[Supplied material Boundary: Start]

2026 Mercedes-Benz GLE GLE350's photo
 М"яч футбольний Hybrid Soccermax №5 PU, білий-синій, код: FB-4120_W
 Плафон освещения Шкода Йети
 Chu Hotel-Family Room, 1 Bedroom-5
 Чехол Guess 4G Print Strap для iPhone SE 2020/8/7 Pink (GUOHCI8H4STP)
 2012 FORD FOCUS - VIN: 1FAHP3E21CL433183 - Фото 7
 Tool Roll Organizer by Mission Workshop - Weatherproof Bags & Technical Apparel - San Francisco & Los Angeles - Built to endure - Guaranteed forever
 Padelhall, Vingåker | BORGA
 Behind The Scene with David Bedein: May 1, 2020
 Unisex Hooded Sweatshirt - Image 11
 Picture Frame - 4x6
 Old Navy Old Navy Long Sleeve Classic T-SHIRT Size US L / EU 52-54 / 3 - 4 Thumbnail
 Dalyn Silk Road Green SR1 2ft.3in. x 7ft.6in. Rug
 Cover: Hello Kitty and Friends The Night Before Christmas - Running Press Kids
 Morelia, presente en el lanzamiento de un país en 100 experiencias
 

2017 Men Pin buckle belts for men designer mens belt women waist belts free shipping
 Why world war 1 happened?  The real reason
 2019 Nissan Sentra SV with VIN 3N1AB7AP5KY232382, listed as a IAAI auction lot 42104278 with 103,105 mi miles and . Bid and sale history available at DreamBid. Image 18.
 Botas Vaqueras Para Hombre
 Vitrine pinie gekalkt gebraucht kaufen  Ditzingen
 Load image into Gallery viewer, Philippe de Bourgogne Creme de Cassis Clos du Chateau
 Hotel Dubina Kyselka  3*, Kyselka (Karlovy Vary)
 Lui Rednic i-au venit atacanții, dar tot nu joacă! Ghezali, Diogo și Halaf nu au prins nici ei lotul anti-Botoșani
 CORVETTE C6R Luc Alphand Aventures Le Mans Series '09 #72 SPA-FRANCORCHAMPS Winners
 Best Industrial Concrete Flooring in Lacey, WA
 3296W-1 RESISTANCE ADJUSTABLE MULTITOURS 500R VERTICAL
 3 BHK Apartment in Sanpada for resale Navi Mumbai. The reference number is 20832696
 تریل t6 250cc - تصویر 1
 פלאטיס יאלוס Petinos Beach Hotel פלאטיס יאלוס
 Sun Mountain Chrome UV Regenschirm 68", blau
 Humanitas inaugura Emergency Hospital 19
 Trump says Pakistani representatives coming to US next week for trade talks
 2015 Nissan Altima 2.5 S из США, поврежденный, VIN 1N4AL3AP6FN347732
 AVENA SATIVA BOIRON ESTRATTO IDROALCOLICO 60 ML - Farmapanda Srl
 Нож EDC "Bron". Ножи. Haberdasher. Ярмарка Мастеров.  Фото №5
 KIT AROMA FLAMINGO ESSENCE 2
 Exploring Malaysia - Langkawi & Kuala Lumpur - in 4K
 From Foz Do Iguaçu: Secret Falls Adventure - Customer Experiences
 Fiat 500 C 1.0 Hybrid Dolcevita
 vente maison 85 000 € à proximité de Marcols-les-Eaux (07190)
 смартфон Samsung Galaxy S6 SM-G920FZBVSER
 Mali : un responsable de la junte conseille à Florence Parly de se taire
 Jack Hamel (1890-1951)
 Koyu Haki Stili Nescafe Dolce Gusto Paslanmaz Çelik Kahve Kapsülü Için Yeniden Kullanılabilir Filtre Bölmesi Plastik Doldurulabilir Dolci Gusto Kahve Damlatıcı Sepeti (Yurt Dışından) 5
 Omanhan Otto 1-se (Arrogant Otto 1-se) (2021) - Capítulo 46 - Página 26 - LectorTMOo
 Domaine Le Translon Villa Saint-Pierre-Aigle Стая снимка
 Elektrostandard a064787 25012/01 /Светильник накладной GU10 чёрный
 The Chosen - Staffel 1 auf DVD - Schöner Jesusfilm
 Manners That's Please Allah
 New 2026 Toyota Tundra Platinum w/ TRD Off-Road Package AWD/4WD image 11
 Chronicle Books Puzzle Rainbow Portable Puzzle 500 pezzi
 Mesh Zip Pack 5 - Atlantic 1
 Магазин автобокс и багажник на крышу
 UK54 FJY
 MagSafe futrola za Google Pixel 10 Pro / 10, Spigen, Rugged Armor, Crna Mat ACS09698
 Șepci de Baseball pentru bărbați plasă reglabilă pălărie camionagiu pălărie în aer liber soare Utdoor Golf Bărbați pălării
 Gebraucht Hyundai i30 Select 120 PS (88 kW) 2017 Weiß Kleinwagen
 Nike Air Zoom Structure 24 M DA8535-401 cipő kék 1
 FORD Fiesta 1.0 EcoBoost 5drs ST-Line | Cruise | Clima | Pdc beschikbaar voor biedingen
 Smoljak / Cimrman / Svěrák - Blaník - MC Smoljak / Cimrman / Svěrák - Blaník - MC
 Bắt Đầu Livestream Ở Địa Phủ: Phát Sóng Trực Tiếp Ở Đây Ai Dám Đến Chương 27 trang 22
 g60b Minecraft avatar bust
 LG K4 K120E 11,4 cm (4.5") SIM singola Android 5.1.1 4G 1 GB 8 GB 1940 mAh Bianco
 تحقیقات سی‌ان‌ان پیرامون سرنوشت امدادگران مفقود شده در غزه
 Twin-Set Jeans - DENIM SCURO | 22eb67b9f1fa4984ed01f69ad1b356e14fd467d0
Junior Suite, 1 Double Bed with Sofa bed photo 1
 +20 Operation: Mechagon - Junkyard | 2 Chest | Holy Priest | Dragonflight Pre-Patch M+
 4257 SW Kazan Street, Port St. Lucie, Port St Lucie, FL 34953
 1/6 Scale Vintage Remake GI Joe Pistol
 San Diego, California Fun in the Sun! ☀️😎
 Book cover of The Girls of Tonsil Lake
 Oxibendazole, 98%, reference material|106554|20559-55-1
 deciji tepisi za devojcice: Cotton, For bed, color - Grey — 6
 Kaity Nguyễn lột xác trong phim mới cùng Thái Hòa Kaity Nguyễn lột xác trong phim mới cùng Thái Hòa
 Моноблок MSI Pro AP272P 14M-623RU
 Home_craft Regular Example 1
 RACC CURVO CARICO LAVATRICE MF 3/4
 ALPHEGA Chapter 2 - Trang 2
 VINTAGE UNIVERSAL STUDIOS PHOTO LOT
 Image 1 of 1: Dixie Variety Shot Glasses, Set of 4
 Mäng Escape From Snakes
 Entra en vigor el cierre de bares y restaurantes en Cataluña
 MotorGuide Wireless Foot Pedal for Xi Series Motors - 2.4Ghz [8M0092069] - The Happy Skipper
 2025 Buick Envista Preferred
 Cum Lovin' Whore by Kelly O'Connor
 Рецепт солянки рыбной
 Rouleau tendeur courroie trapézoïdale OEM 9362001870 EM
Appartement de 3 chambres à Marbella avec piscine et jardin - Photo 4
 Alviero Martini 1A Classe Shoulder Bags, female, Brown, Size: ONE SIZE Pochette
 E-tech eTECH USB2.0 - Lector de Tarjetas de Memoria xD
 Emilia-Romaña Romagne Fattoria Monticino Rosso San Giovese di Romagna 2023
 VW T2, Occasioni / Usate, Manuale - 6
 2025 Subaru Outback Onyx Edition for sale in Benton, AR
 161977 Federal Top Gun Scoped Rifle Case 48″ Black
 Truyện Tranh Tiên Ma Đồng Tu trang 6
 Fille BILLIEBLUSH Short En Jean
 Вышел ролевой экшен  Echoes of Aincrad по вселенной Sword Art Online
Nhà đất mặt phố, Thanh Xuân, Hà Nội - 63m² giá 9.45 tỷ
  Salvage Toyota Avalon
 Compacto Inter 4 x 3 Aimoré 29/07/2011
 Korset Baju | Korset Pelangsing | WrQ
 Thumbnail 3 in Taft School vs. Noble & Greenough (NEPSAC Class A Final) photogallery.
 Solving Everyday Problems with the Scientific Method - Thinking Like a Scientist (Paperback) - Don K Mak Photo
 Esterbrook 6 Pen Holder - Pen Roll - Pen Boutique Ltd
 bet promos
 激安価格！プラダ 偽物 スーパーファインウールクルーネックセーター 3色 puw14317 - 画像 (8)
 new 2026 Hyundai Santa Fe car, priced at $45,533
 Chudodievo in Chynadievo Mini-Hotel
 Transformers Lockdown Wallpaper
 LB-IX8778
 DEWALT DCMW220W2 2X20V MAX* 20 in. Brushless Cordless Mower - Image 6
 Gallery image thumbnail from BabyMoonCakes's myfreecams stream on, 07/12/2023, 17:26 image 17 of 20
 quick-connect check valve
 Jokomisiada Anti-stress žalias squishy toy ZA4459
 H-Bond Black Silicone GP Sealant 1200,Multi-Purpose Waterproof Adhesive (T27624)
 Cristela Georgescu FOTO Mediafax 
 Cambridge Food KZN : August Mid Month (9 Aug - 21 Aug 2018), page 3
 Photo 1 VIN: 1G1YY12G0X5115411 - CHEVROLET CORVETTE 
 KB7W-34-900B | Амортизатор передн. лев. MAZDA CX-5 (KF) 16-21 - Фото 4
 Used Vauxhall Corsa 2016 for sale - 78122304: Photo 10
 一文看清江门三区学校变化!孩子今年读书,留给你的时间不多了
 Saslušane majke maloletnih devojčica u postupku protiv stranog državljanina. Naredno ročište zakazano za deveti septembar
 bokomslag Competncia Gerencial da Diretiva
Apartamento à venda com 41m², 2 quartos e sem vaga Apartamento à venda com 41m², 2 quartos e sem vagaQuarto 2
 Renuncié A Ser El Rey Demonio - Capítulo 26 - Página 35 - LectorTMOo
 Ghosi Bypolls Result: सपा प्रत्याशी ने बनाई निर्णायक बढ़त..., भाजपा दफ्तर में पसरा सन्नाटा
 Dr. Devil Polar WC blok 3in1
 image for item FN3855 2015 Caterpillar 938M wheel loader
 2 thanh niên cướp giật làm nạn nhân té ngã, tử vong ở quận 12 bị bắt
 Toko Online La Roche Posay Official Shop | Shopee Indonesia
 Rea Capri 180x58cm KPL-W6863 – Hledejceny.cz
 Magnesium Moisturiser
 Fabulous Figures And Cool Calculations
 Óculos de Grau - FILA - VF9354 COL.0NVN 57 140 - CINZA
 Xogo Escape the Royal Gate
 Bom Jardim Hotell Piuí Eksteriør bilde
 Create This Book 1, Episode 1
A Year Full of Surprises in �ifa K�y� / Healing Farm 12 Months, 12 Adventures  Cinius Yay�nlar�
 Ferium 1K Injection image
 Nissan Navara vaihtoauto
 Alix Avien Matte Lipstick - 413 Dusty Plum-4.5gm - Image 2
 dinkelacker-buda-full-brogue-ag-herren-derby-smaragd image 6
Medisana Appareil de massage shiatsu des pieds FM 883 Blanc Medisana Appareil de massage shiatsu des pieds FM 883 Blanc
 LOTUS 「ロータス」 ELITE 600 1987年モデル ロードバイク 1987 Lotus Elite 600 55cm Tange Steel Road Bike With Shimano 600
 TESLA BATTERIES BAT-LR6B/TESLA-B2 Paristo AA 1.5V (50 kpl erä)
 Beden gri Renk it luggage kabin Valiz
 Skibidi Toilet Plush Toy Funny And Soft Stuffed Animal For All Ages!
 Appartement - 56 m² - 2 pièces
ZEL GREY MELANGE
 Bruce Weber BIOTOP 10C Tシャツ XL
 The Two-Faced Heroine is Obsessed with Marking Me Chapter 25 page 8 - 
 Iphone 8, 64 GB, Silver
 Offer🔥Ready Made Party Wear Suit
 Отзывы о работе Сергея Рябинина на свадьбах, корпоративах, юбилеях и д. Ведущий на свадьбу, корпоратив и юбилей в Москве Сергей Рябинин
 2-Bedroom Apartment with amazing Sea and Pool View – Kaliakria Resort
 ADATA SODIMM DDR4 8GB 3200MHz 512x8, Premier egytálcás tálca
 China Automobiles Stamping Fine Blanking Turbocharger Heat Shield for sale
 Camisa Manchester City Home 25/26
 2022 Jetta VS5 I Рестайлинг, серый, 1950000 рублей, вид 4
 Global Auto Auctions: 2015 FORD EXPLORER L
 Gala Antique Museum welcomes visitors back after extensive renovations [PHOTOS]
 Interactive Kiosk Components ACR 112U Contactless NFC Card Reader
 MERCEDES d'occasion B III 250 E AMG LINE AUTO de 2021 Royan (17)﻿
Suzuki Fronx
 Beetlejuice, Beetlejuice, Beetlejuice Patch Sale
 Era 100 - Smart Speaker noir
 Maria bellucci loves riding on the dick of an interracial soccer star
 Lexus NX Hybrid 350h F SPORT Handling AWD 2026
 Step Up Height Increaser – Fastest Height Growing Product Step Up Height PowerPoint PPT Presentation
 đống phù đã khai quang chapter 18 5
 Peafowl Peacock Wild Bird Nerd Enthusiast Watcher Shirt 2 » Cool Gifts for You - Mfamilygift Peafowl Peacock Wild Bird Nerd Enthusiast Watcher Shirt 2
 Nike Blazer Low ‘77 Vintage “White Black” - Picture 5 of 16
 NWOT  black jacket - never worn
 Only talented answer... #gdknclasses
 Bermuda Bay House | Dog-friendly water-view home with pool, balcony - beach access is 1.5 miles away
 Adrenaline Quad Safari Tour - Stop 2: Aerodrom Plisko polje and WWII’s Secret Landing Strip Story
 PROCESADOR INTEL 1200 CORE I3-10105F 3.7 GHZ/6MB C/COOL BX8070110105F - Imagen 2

[Supplied material Boundary: End]

## Task requirements
Write out exactly the lines above from the line with "Xogo Escape the Royal Gate" through the line with "Global Auto Auctions: 2015 FORD EXPLORER L", both of them included, and leave out all other lines.

## Task answer
 Xogo Escape the Royal Gate
 Bom Jardim Hotell Piuí Eksteriør bilde
 Create This Book 1, Episode 1
A Year Full of Surprises in �ifa K�y� / Healing Farm 12 Months, 12 Adventures  Cinius Yay�nlar�
 Ferium 1K Injection image
 Nissan Navara vaihtoauto
 Alix Avien Matte Lipstick - 413 Dusty Plum-4.5gm - Image 2
 dinkelacker-buda-full-brogue-ag-herren-derby-smaragd image 6
Medisana Appareil de massage shiatsu des pieds FM 883 Blanc Medisana Appareil de massage shiatsu des pieds FM 883 Blanc
 LOTUS 「ロータス」 ELITE 600 1987年モデル ロードバイク 1987 Lotus Elite 600 55cm Tange Steel Road Bike With Shimano 600
 TESLA BATTERIES BAT-LR6B/TESLA-B2 Paristo AA 1.5V (50 kpl erä)
 Beden gri Renk it luggage kabin Valiz
 Skibidi Toilet Plush Toy Funny And Soft Stuffed Animal For All Ages!
 Appartement - 56 m² - 2 pièces
ZEL GREY MELANGE
 Bruce Weber BIOTOP 10C Tシャツ XL
 The Two-Faced Heroine is Obsessed with Marking Me Chapter 25 page 8 - 
 Iphone 8, 64 GB, Silver
 Offer🔥Ready Made Party Wear Suit
 Отзывы о работе Сергея Рябинина на свадьбах, корпоративах, юбилеях и д. Ведущий на свадьбу, корпоратив и юбилей в Москве Сергей Рябинин
 2-Bedroom Apartment with amazing Sea and Pool View – Kaliakria Resort
 ADATA SODIMM DDR4 8GB 3200MHz 512x8, Premier egytálcás tálca
 China Automobiles Stamping Fine Blanking Turbocharger Heat Shield for sale
 Camisa Manchester City Home 25/26
 2022 Jetta VS5 I Рестайлинг, серый, 1950000 рублей, вид 4
 Global Auto Auctions: 2015 FORD EXPLORER L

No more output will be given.